Ending the Shame Around Having a Picky Eater
True story 1. I was the kid who liked all my foods to be separate on my plate. I’d eat each one on its own and would sometimes get upset if the different foods touched. I have a vivid memory of my grandmother watching me eat a meal she had made food by food and then her exploding, “You are RUINING my meal!” I was the kid who had a long list of foods I wouldn’t eat: mushrooms, tomatoes (unless they were in a sauce), avocados, olives, cream cheese, raw onions, strawberries, etc.
True story 2. My husband was so picky about texture and color as a toddler that my mother-in-law freaked out one day, threw out his food, and filled his plate with rocks because they weren’t “too green, too red, or too soft.”
True story 3. My son who is more adventurous when it comes to food can taste even the slightest hint of ginger and will then refuse to eat any more.
True story 4. My pickier son has at one point or another spat out food, refused to take even a bite of something new, and declared that he hates all green foods.

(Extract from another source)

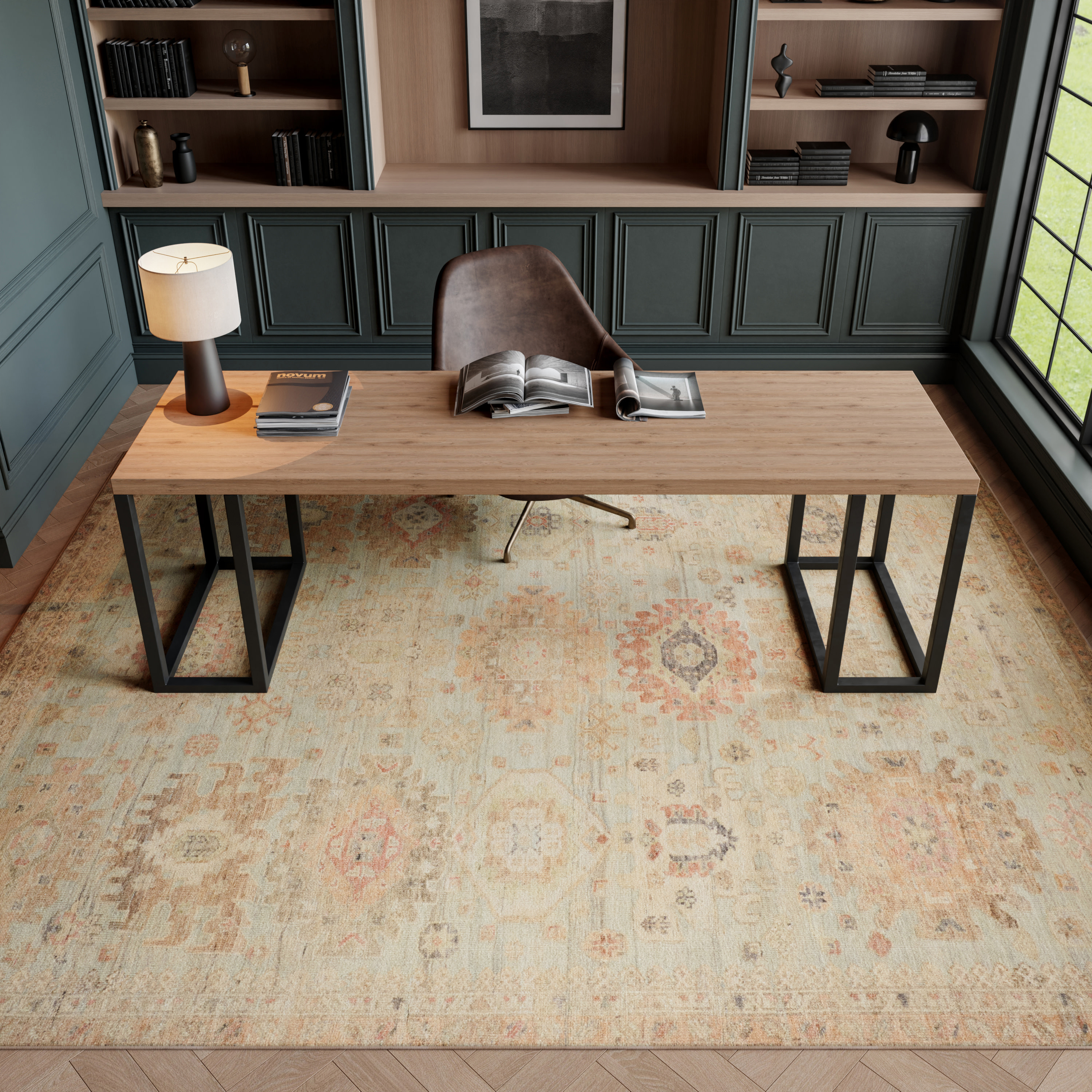 Nourison Vintage Washables 9' x 12' Sage Multicolor Vintage Indoor Rug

Why do I share all of that? Because I am sick and tired of witnessing (and experiencing myself) the shame that some parents feel about their picky eater and so I thought I would just put my own experience out there for everyone to see. I have definitely been nervous at friends’ houses about how my kids will react to food; terrified that someone will judge or be offended when my kid doesn’t eat everything given to him. I have had numerous friends apologize to me (unnecessarily) when their kids won’t eat food I prepared. Why do we do that? Why do we feel this shame?

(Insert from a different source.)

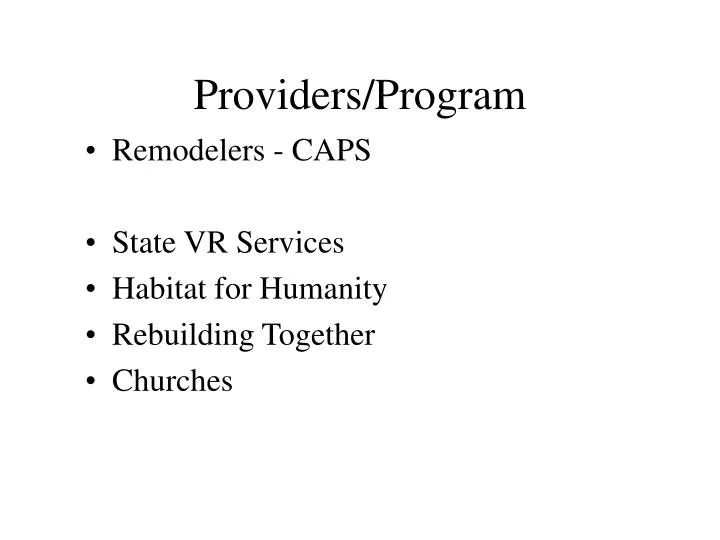 providers program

When we stop to think about it, when we really stop to think about it, we know that many kids (and many adults) have foods that they refuse to eat. There are evolutionary explanations, sensory explanations, and social explanations for why this is the case, but no matter what the reason, when your kid is the one who is refusing to eat it can be incredibly embarrassing.
We, as parents, often feel that somehow we have failed and, quite honestly, many of the experts imply or even directly say that this is the case. We are too lenient, too permissive, too coddling. Or we are too pushy, too authoritarian, too insistent. Some say that it is the culture and that if we were only more like the French, Dutch, Chinese, our children wouldn’t be so picky. Maybe all of this is true, maybe none of it is true. But one thing that is true is that many of us parents have been the one with the kid who refuses to eat anything that is being offered, and most of us have felt shame about that. We have felt that we have failed.
But I say enough is enough with the shame. Let’s let go of that sense of failure. Let’s move on from the tension and anxiety. I think it is time for a reframing of picky eating. Instead of seeing it as a problem that needs to be fixed, let’s see it as one of the areas where we as parents can help our children to grow and expand their horizons. It is a lot like teaching them to swim. For some kids, just throwing them in the pool works, but for most kids we need to give them the tools to learn how to keep their heads above the water. Helping kids to learn to eat healthfully and happily is very similar. If we can equip them with the tools they need to experience and explore foods, then over time (and with patience towards them and ourselves) they can learn to enjoy and have a healthy relationship with food. They will start with the doggy paddle but with help, support, and guidance, eventually, they will learn to dive.